The internet provides a list of  25 companies, all named, in which the filming was performed, in eight separate countries of Europe.

I remember once being surprised when I was making a film in mid-northern Quebec about a farming family half of whose members had emigrated to northern Alberta. The subject of the film had nothing to do with the huge barn in which the family kept its milking cows throughout most of the year, certainly all through the winter, apart from its being their workplace.

Their animals were kept in stalls with a chain around their necks, restricting their movement to just sitting down or standing up. They were artificially impregnanted, and when ready to deliver a calf they were taken to the end of the barn, from which, after delivery, they were returned to their stall. The process struck me as totally inhumane, although I suppose one might have argued that they were at least sheltered from the worst of the winter.

When I got to Alberta, the other branch of the family, 25 years there, was still living in a small house but had half a million dollars of farming equipment in their barn, which they used to pursue their monocultural production of wheat. They didn’t grow anything else on the farm, but bought their eggs, meat and other food from the supermarket in the nearby town.
 It raised the question in my mind whether we are not setting ourseves up for a massive fall with our monocultural methods of abusing nature. And this film, Our Daily Bread, certainly poses that and many other questions as well. 
 Everyone should see it.
 But I think the last word should go to Geyrhalter himself, who said in an interview:

“There were some people at (some) companies who see the consumer’s alienation from food production as a problem because consumers have no idea about their concerns. On the other hand lots of companies are afraid of publicity and what a film like this could show. After all, there are constant scandals, and they might think: If it’s going to create a scandal, then they should do their shooting at the
competition!
“But the point of this film isn’t to uncover scandals. I wanted to collect and make accessible images from this branch, this world,  in as objective a manner as possible. What makes it fascinating are the machines and the sense of what’s doable, the human spirit of invention and organization, even at close quarters with horror and insensitivity.
“Plants and animals are treated just like any other goods, and smooth functioning is extremely important. The most important thing is how the animals can be born, raised and held as efficiently and inexpensively as possible, how to treat them so they’re as fresh and undamaged as possible when they arrive at the slaughterhouse, and that the levels of medications and stress hormones in the meat are below the legal limits. No one thinks about whether they’re happy.
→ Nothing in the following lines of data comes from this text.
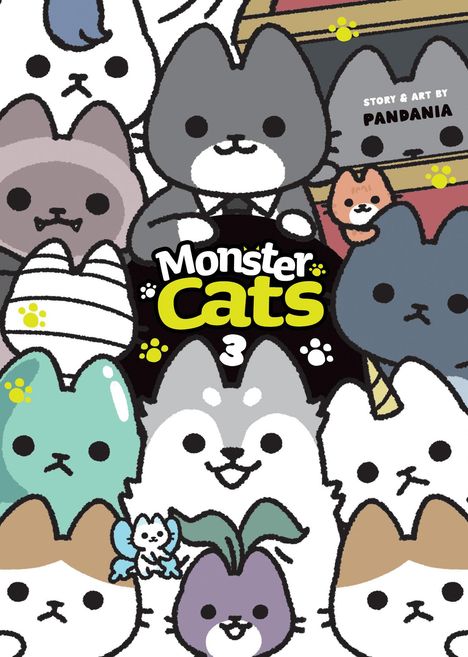 Text: „Monster Cats 3”, „Story & Art by Pandania“.  
Illustration: Viele niedliche, bunt gestaltete Katzen.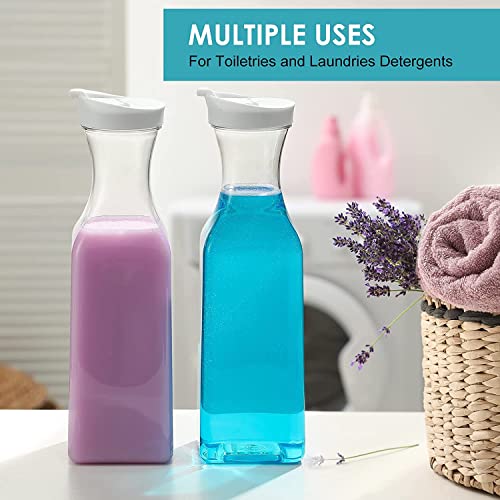 Plastic 8 PACK Large 50 Oz Water Carafe with Flip Top Lid (8 PACK)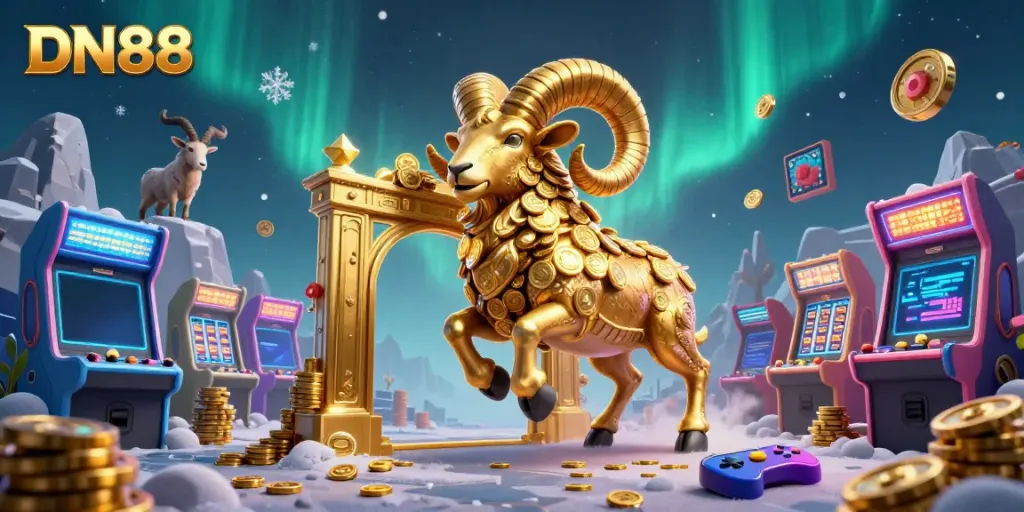 Experience DN88's vibrant casino atmosphere featuring a golden ram charging through a colorful gaming realm.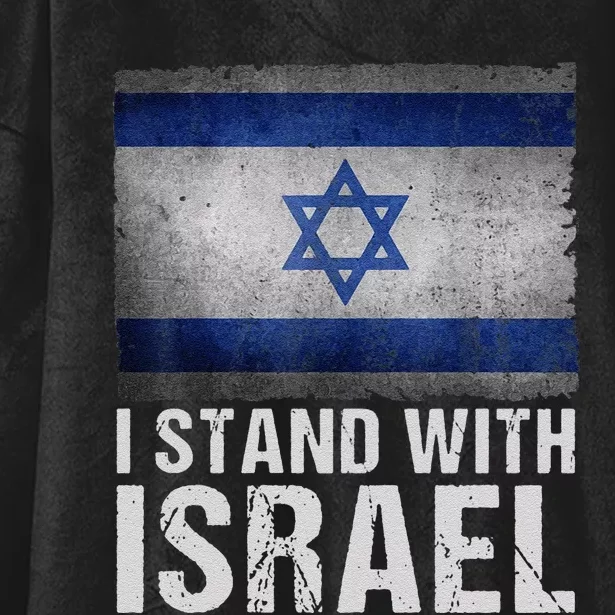 Funny I Stand With Israel Hooded Wearable Blanket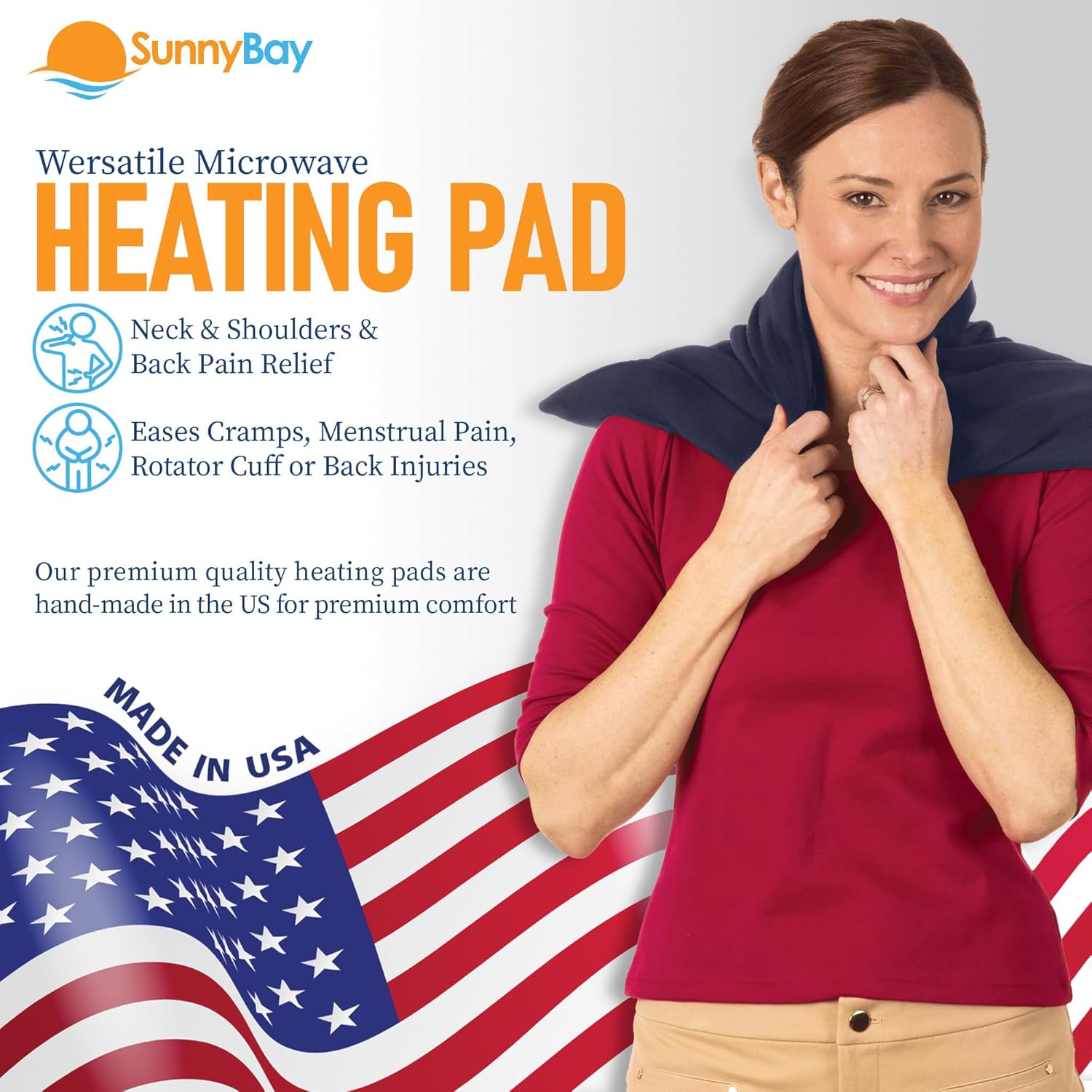 SunnyBay Extra Large Microwave Heating Pad 10x24 Inches - Moist Heating Pad for Pain Relief - Wheat Filling and Washable Fleece Cover, Blue
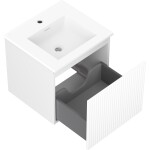 MEXEN/S - Rivel koupelnová skříňka 50 cm s umyvadlem Otis, 1 šuplík, reliéf , bílá mat 91A20-05047-1-BF01-W18M01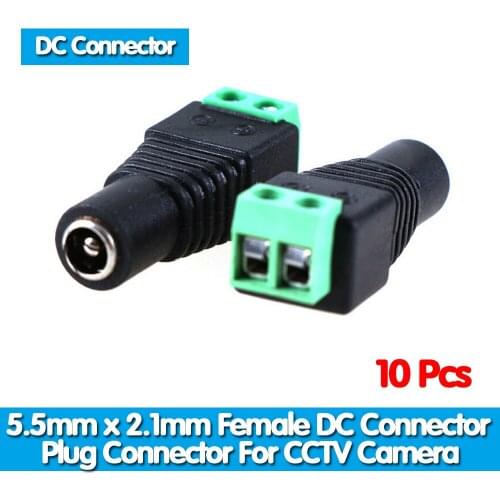 10Pcs 2.1 x 5.5mm DC Power Female Plug Jack Adapter Connector Plug for CCTV DVR LED Strip Light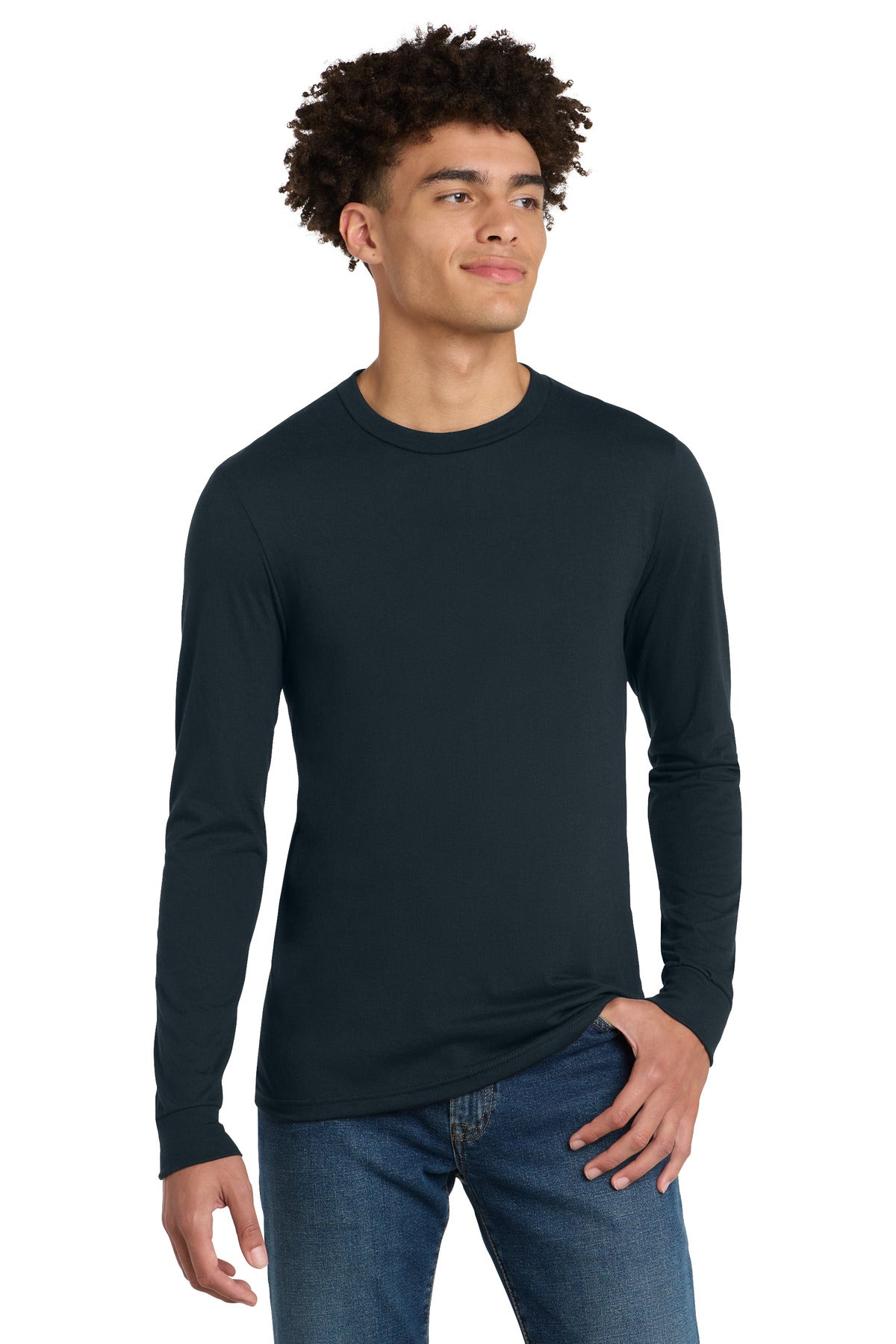 Custom Embroidery or DTF Print - District ®  Perfect Tri ®  Long Sleeve Tee . DM132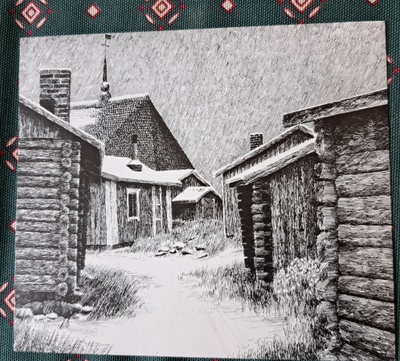 taidekortti, " Maakalla" ,mustavalkoinen uusi kortti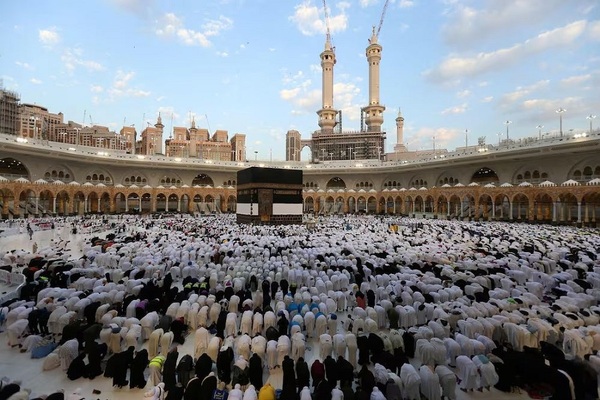 The Eid Al Adha morning prayer around the Kaaba at the Grand Mosque in Mecca, at the start of the holiday marking the end of the Hajj pilgrimage. AFP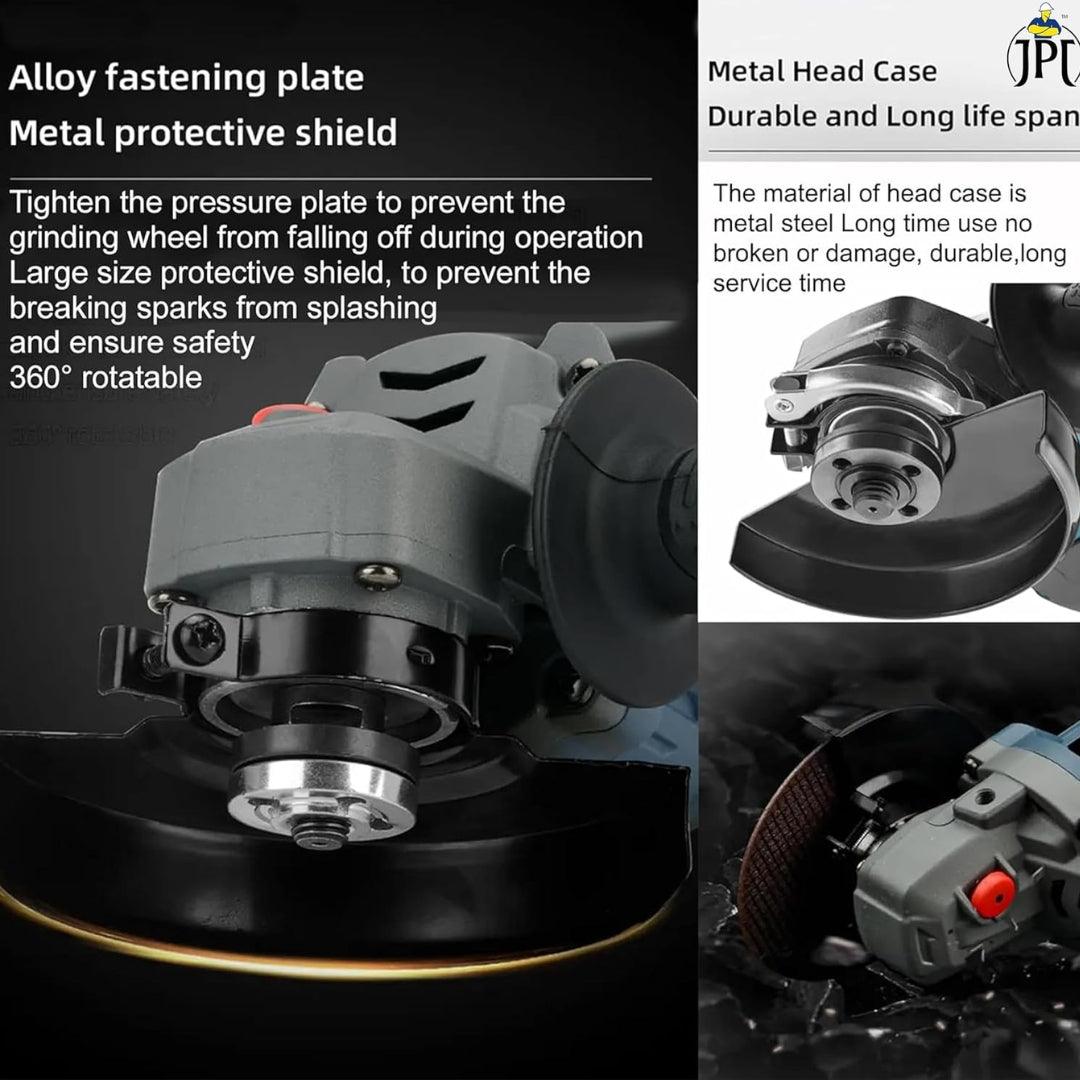 JPT 21V Brushless Heavy Duty Cordless Angle Grinder | 11000 RPM Speed | 21mm Cutting Depth | Smart Variable Speed Control Panel | 4000mAh Battery | Fast Charger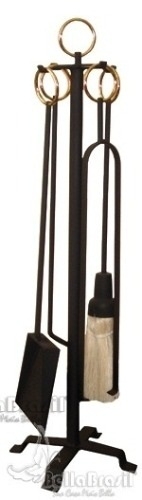 Kit Ferramenta Acessrio para Lareira Preto com Argolas de Lato Dourado - www.bellabrasil.com.br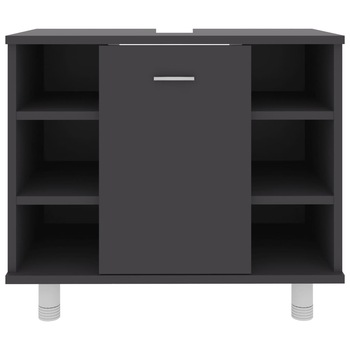 Dulap de baie vidaXL, PAL, 60 x 32 x 53.5 cm, Gri inchis Dulap de baie vidaXL, PAL, 60 x 32 x 53.5 cm, Gri inchis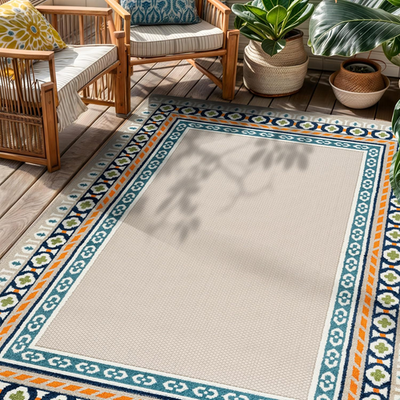 #ad Indoor Outdoor High Low Textured Area Rug Coastal Border Easy Clean Patio Rug $134.99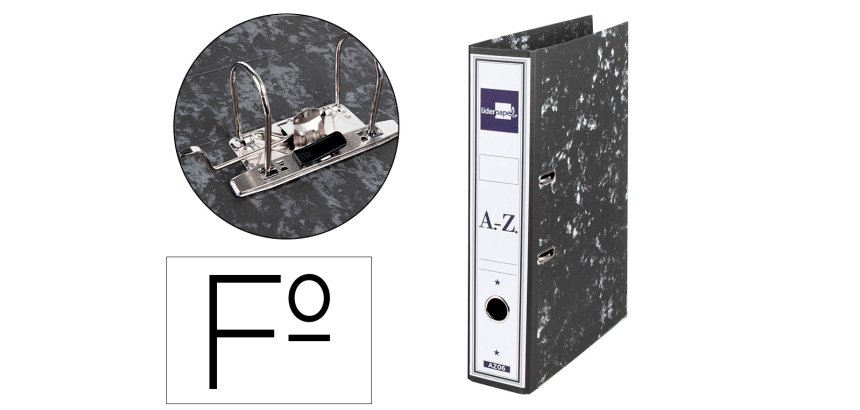 Archivador de palanca liderpapel folio classic black carton entrecolado con rado lomo 75mm negro compresor metal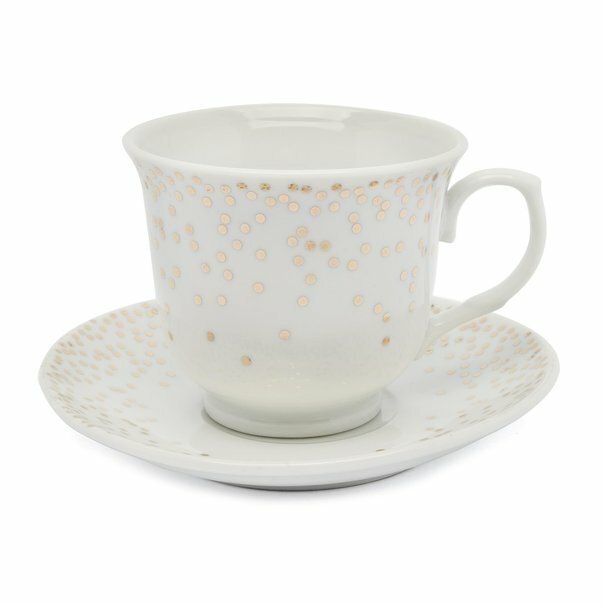 Komplet sześciu filiżanek do kawy ze spodkami Tadar Bella Feguro Punto D'oro 250 ml
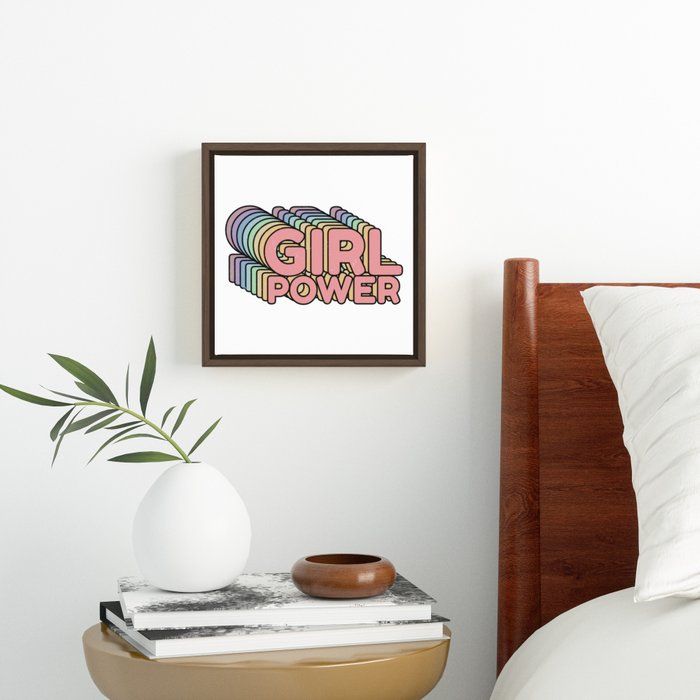 Girl Power Grl Pwr Retro Canvas With Frame 10"x10" thumbnail 3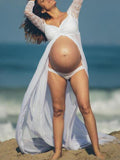 Beaumama robe photo longue grossesse fente avant dentelle col bateau femme enceinte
If you want to call that a scandal, which is more than justified, then you have to take your thinking one step further. Then it becomes the scandal of how we live, because this economic, ‘soulless’ efficiency is in a reciprocal relationship with our society’s lifestyle. There’s nothing wrong with saying, ‘Buy organic products! Eat less meat!’ But at the same time it’s a kind of excuse, because we all enjoy the fruits of automation and industrialization and globalization every day, which affect much more than just food.
 “The film’s title, OUR DAILY BREAD refers to our cultural history, and because of the religious association the effect’s even more crass considering how people treat their resources and fellow living beings. I always take the thought further, and the next line would be: And forgive us our sins. But it also refers to earning our daily bread, the normality of this life, the question of how people do their jobs, and how this has changed. Who runs the machines, who controls the processes - and who digs in the ground with their bare hands or picks the cucumbers? How is our daily bread distributed in contemporary Europe?”